Dove sta, dunque, il problema? Nel fatto che le scelte inespresse non sono esautorate dalla ripartizione; quelle quote vengono comunque ripartite a favore delle confessioni religiose, seguendo proporzionalmente le scelte espresse. La funzione dell’8×1000 è infatti meramente consultiva; lo Stato “consulta” i propri cittadini per decidere a chi assegnare l’otto per mille dell’intero e complessivo gettito IRPEF. Con buona pace di quei 60% contribuenti che non hanno indicato una scelta e che si vedono – a loro dispetto – ripartiti i propri 600 milioni di euro. Non ci vuole molto a capire che tale disciplina si è rivelata estremamente iniqua ed estremamente favorevole alla Chiesa Cattolica, e continua tutt’oggi a persistere, nonostante la palese mutilazione del potere decisionale del singolo contribuente siano stati avanzati molti dubbi sulla ragionevolezza e la legittimità costituzionale della stessa.

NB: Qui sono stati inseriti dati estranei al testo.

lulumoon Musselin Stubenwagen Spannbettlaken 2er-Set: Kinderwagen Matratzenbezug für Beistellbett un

Infine, ci sono quelle agevolazioni dal vago sapore (ma per davvero) clerical-reazionario. E che non vale nemmeno la pena commentare, perché si commentano da sole: fornitura idrica gratuita alla Città del Vaticano. Pagamento statale per l’insegnanti di religione (cattolica). Esenzione dei dazi doganali; esenzioni dell’imposta di bollo per le pubbliche affissioni se in calce al manifesto vi è scritto “Avviso sacro”. Dulcis in fundo, gli italiani (avete capito bene: italiani) che lavorano presso una struttura vaticana non pagano nemmeno un cent di IRPEF.

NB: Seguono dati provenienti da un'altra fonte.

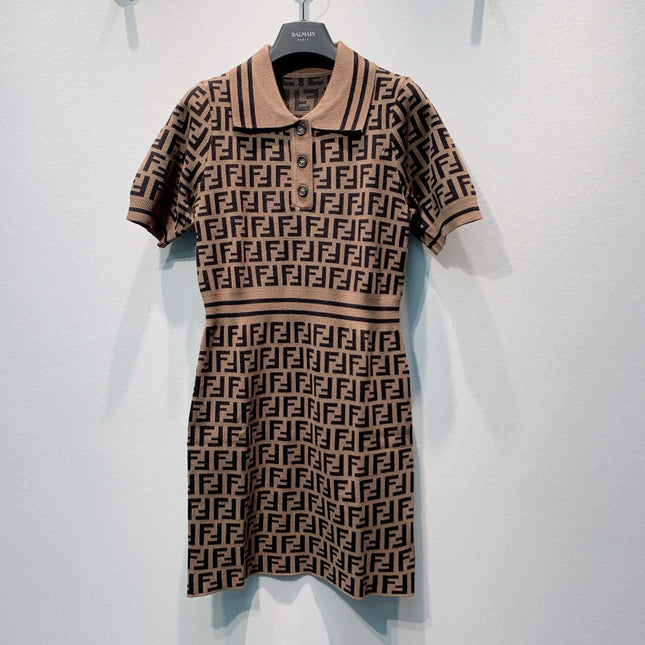 FENDI 26S SHORT-SLEEVE KNIT DRESS 363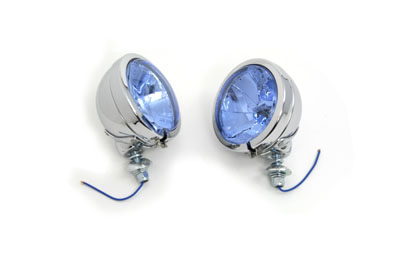 V-Twin 33-0278 - H-3 Spotlamp Set with Blue Lens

Questi sono i privilegi della Chiesa Cattolica (probabilmente ce ne sono altri, ma questi sono i più noti); in moltissimi casi, vere e proprie fattispecie di concorrenza sleale che non trovano altra ragione se non nello storico (e così “italiano”) regime di favore di cui essa ha sempre beneficiato nei confronti dello Stato. Non si parla di punire gli enti ecclesiastici o di combattere la Chiesa; si parla – più semplicemente – di cancellare privilegi anacronistici, deleteri, irragionevoli, e innaturali. L’esenzione dall’ICI dovrebbe essere infatti concessa per centri di accoglienza, biblioteche, chiese, santuari, oratori. Non a cinema, alberghi, impianti sportivi, scuole e compagnia danzante; basterebbe un semplice emendamento che affermasse quanto appena scritto. Basterebbe. Come basterebbe abolire l’attuale meccanismo dell’8×1000 e incentivare le donazioni private (già attualmente deducibili fino a 1.032,91€) alle varie confessioni. Basterebbe. Eppure non si capisce perché tutto questo non viene fatto e perché il mondo politico (Radicali a parte) si limiti a mere difese d’ufficio del “sacro Magistero” o a moine assai poco convincenti e dallo spiccato sapore democristiano.

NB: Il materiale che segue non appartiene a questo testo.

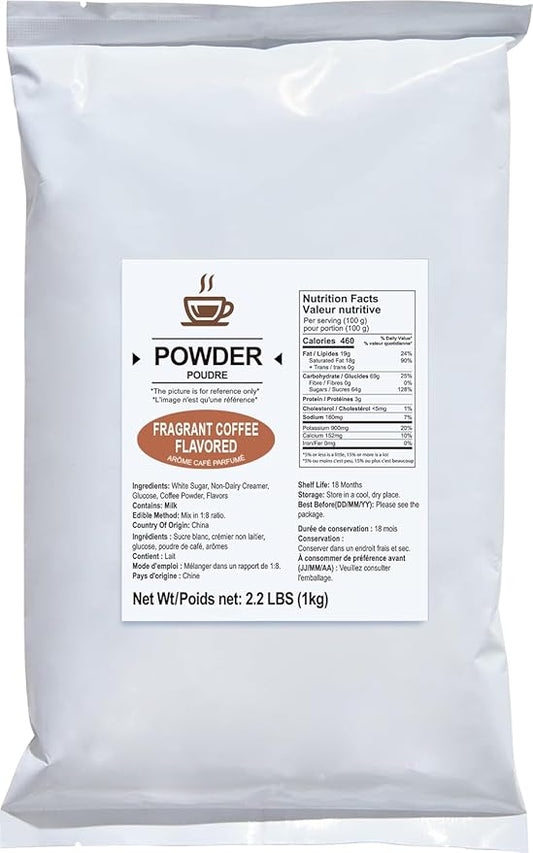 Soeos Coffee Flavored Powder (3-in-1), 2.2 lbs (1kg) – Instant Bubble Tea Mix with Creamer & Sugar, Easy to Prepare, Perfect for Boba Drinks & Desserts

Ho sentito anche che non bisogna distrarsi; che la vera battaglia è quella contro lo Stato e la spesa pubblica. Prima mettiamolo a dieta, poi pensiamo a riformare l’intero regime tributario e privilegi fiscali del clero e storture da essi provocati inclusi. È vero. Anzi: è verissimo. Tutto questo rischia di diventare l’ennesima rissa “di classe” nel pollaio, senza vincitore e vinti e senza riflessione. Ma qui non stiamo parlando solo di (tanti!) soldi e di concorrenza (e sarebbe quanto basta per intervenire senza nemmeno passare dal “Via”); il discorso è immensamente più profondo e non può essere schivato; è una storia che riguarda le ipocrisie, le irresponsabilità, le pruderie e le reticenze di un popolo che non si è mai sentito cittadino, ma sempre suddito. Di tutto questo, bisogna parlarne. Senza forche, senza odio, senza populismi. Ma bisogna parlarne. L’ipocrisia è durata troppo a lungo.